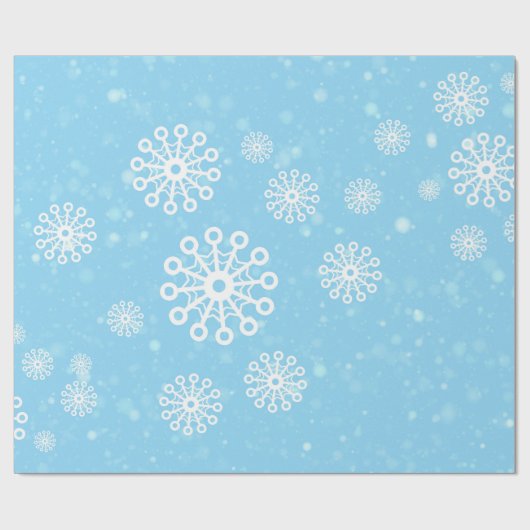 Schnee im blauen Himmel Geschenkpapier (Flach)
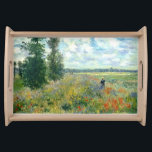 Monet Poppies Serving Tray<br><div class="desc">MONET POPPY FIELD Claude Monet’s “Champs se Coquelicots pres d’Argenteuil”, Field of Poppies near Argenteuil - 1875.</div>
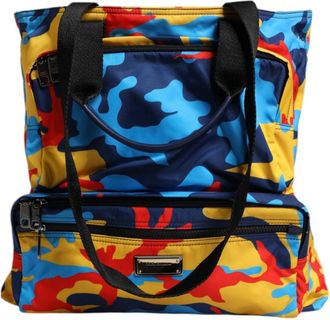 Dolce & Gabbana Multicolor Camo Nylon Shopper Tas - Dames - Shoppers - Veelkleurig - ONE Size - Nylon - Tassen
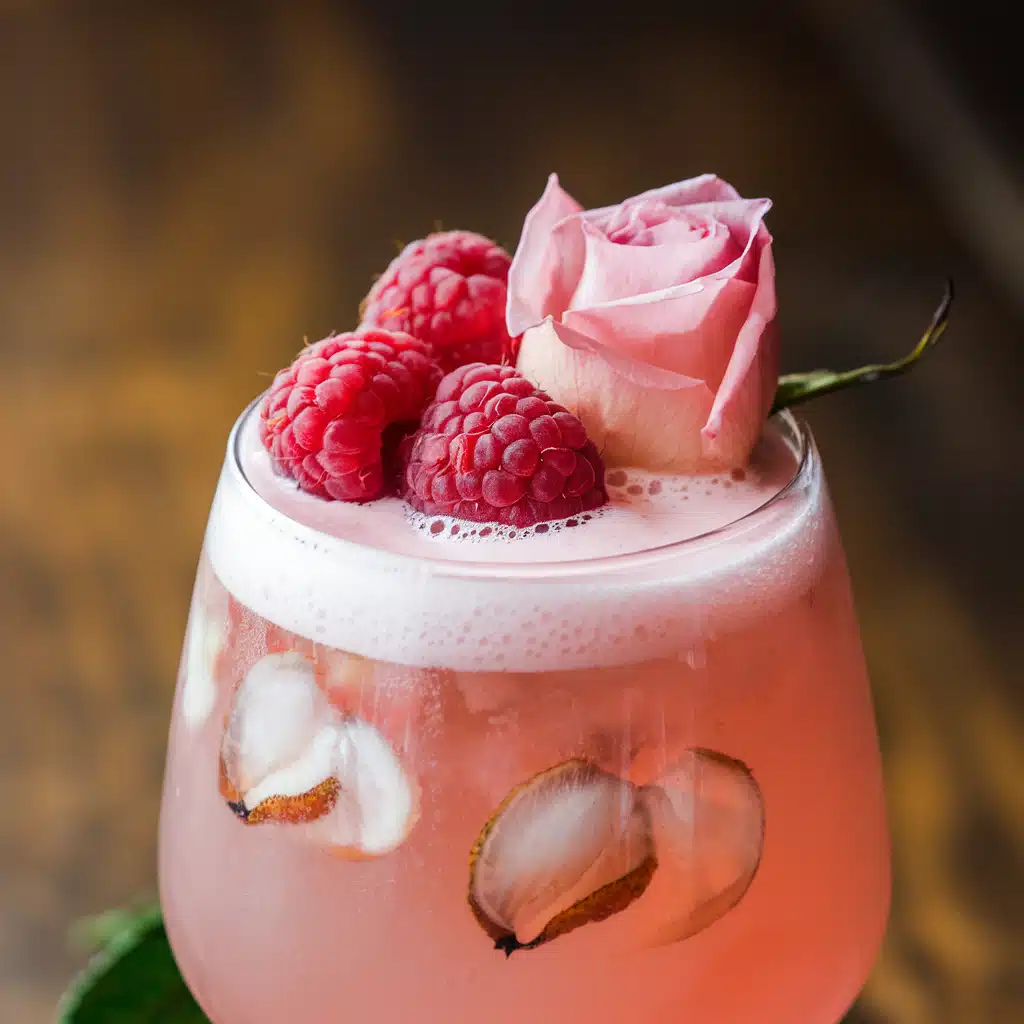 Lychee Rose Mocktail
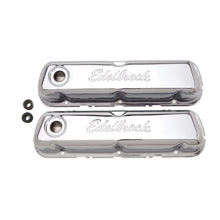 Load image into Gallery viewer, Edelbrock 4460 Signature Series Valve Covers for Ford 260-289-302 (not Boss) and 351W for Select Ford 300, Ford Bronco, Ford Country Sedan, Ford Country Squire, Ford Custom, Ford Custom 500, Ford E-100 Econoline, Ford E-100 Econoline Club Wagon, Ford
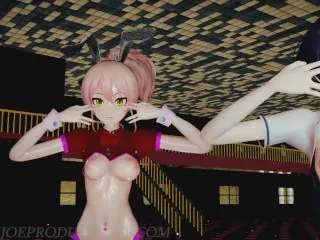 MMD R18: Mika X Kanade, Alien Sex with Lee Suhyun - 1232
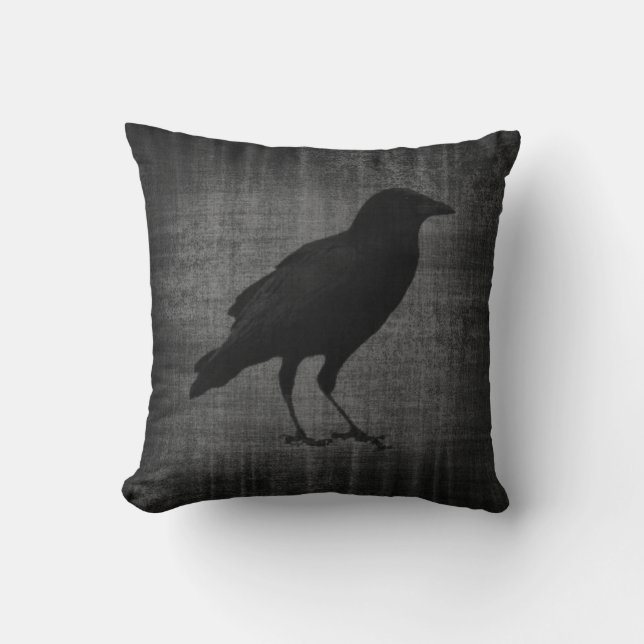 Donk Raven Gothic Pillow Kussen (Voorkant)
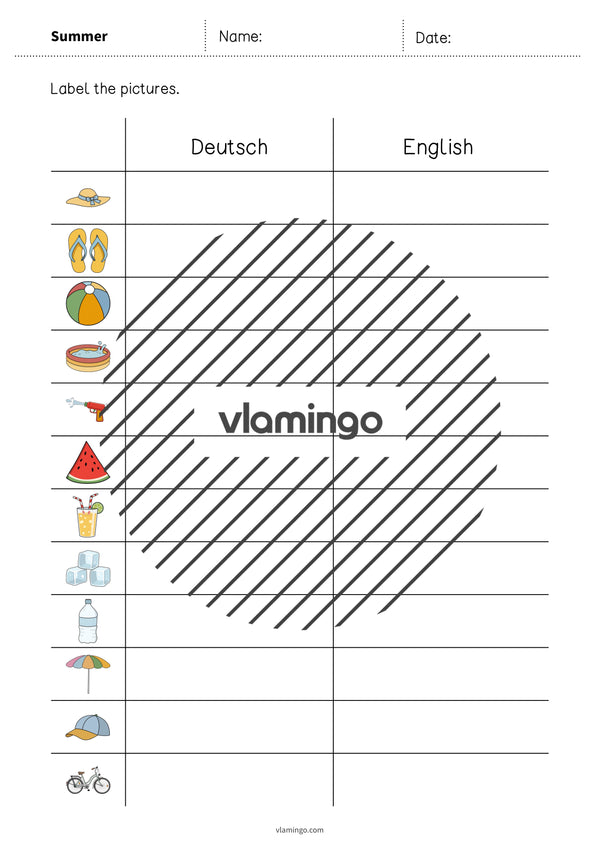 de englisch summer vocabulary worksheet 3 004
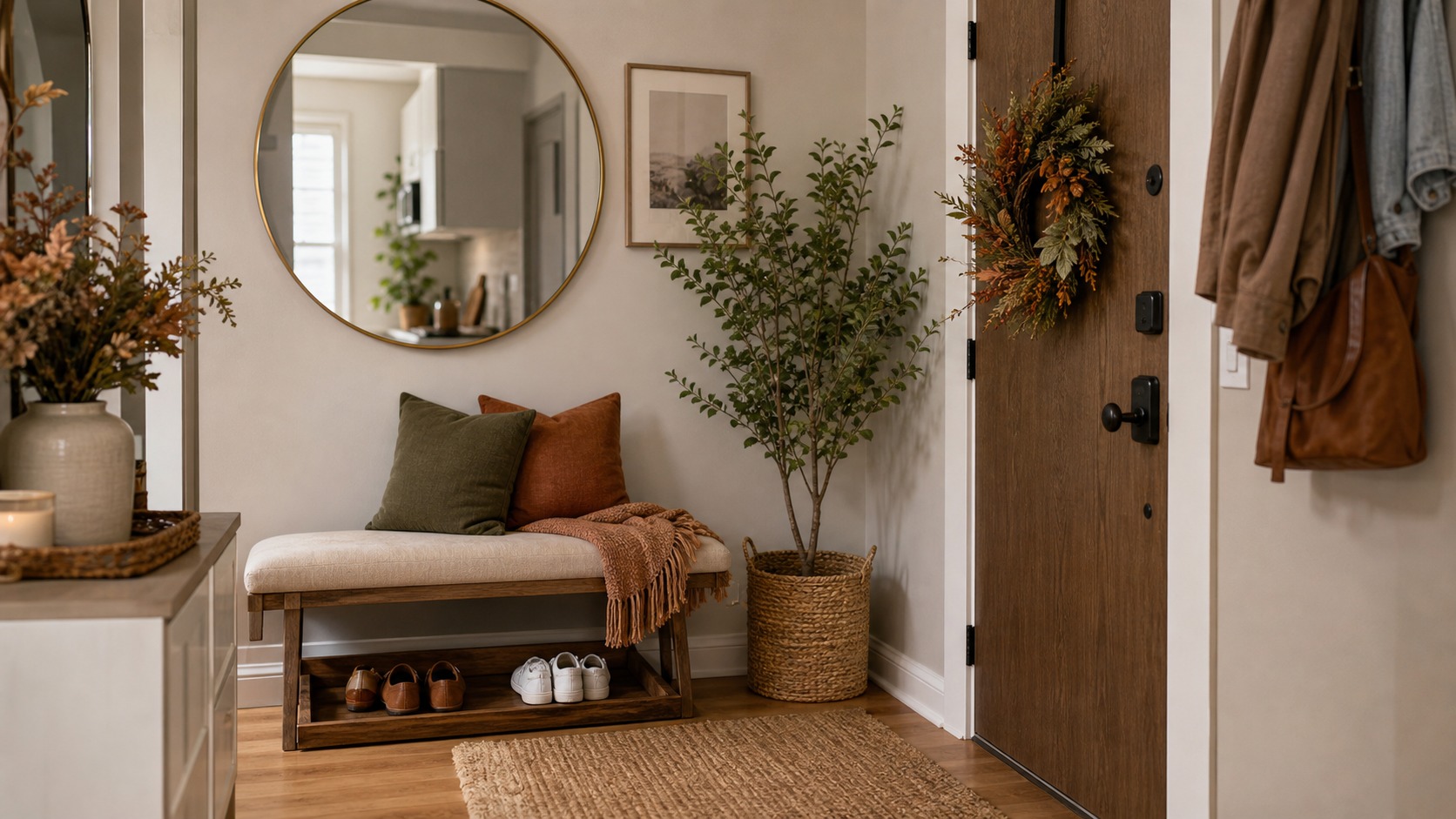 Photorealistic apartment interior for Seasonal Apartment Refresh Ideas for entryways: Simple Decor Updates That Work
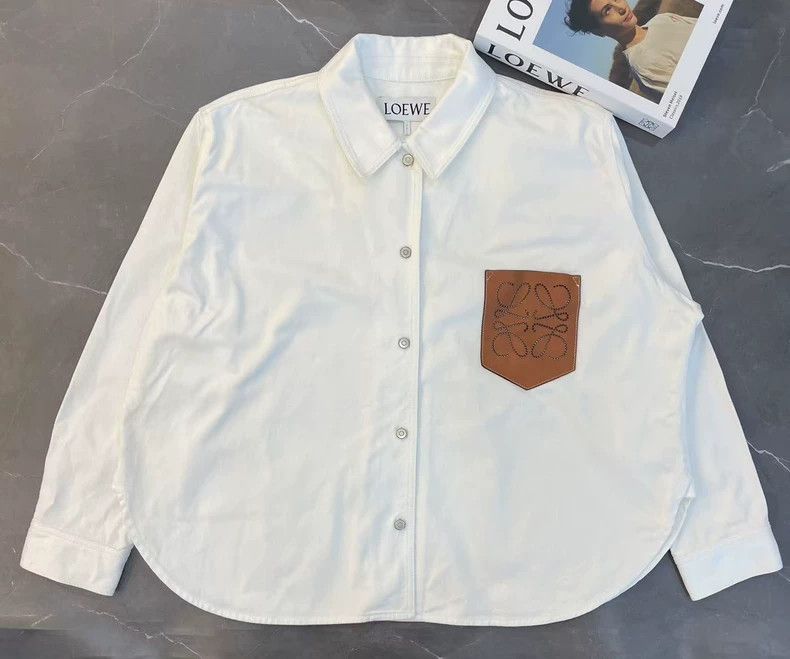 Loewe Loewe White denim jacket Size S / US 4 / IT 40 - 1 Thumbnail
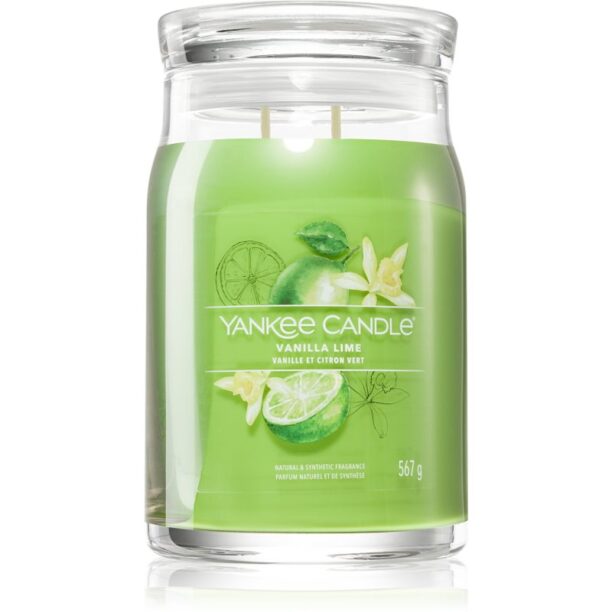 Yankee Candle Vanilla Lime lumânare parfumată Signature 567 g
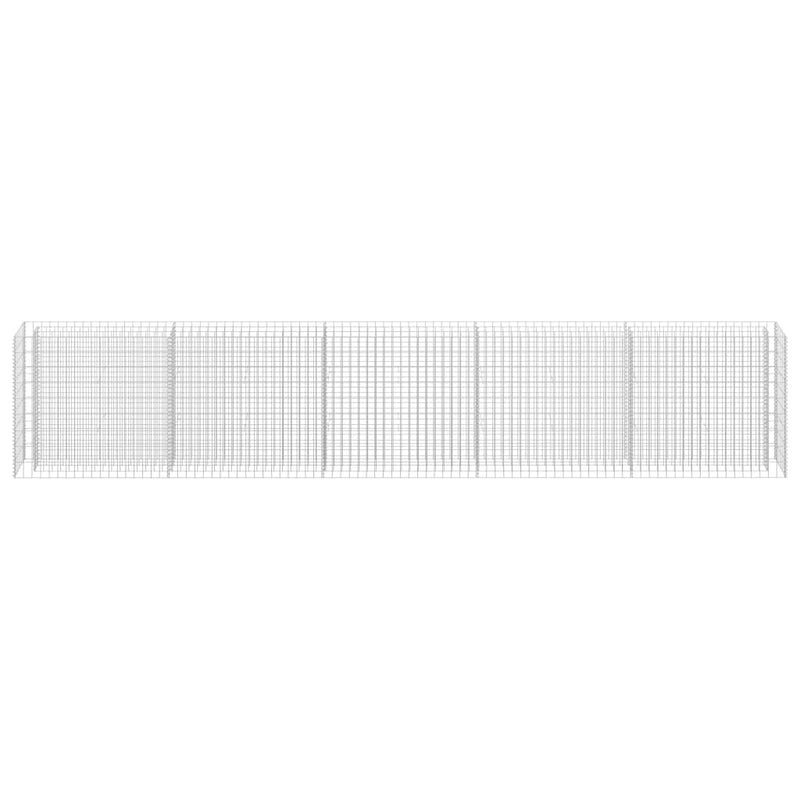 vidaXL horganyzott acél gabion magaságyás 450 x 30 x 90 cm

DESCRIPTION OF THE TASK:
The lines above from the line with "Dolce & Gabbana" through the line with "Lychee Rose Mocktail" are to be given again word for word, with no pictures among them.

RESPONSE AREA:
 Dolce & Gabbana Multicolor Camo Nylon Shopper Tas - Dames - Shoppers - Veelkleurig - ONE Size - Nylon - Tassen
 Lychee Rose Mocktail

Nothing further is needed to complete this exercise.